Mallya, wanted in India on charges of fraud and money laundering amounting to around Rs 9,000 crores, was in the dock at Westminster Magistrates Court for his defence, headed by barrister Clare Montgomery.

Montgomery opened her arguments by stating that there was no evidence to support the case of fraud.

On the opening day of the trial, the Crown Prosecution Service (CPS), arguing on behalf of the Indian government, had asserted that the embattled liquor baron had a "case of fraud" to answer.

Montgomery claimed that the evidence presented by the CPS, on the direction of the Indian government, to prove a case of fraud amounted to "zero", which she said was a "critical failing on the part of government of India".

She claimed that the government does not have a credible case to support the argument that the borrowing by Mallya was fraudulent and he had no intentions to pay back the loans he sought because his profit projections for loss-making Kingfisher Airlines were unreliable.

"The reality is that the profitability of an airline depends on economic factors, which are largely cyclical and largely out of the control of the airline itself," she said.

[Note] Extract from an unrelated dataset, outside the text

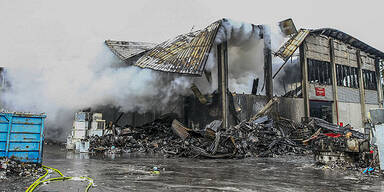 A2 nach Großbrand bei Graz gesperrt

Indicating that it would be plausible to conclude that any loan default was the result of "business failure", she presented internal company assessments and bank documents to prove that all numbers related to the struggling airline were known to the bankers and there was "no attempt to mislead by over-valuing the worth of the brand".

The prosecution yesterday had laid out what it termed as "three chapters of dishonesty" by the former Kingfisher Airlines boss the first being misrepresentations to various banks to acquire loans, then how he misused the money and finally his conduct after the banks recalled the loans.

"Instead of acting as an honest person and doing what he could to meet his obligations, he sets about erecting lines of defence," CPS barrister Mark Summers had said.

The charge of money laundering, for which Mallya had been re-arrested in October, is being focussed on by the CPS less at this stage.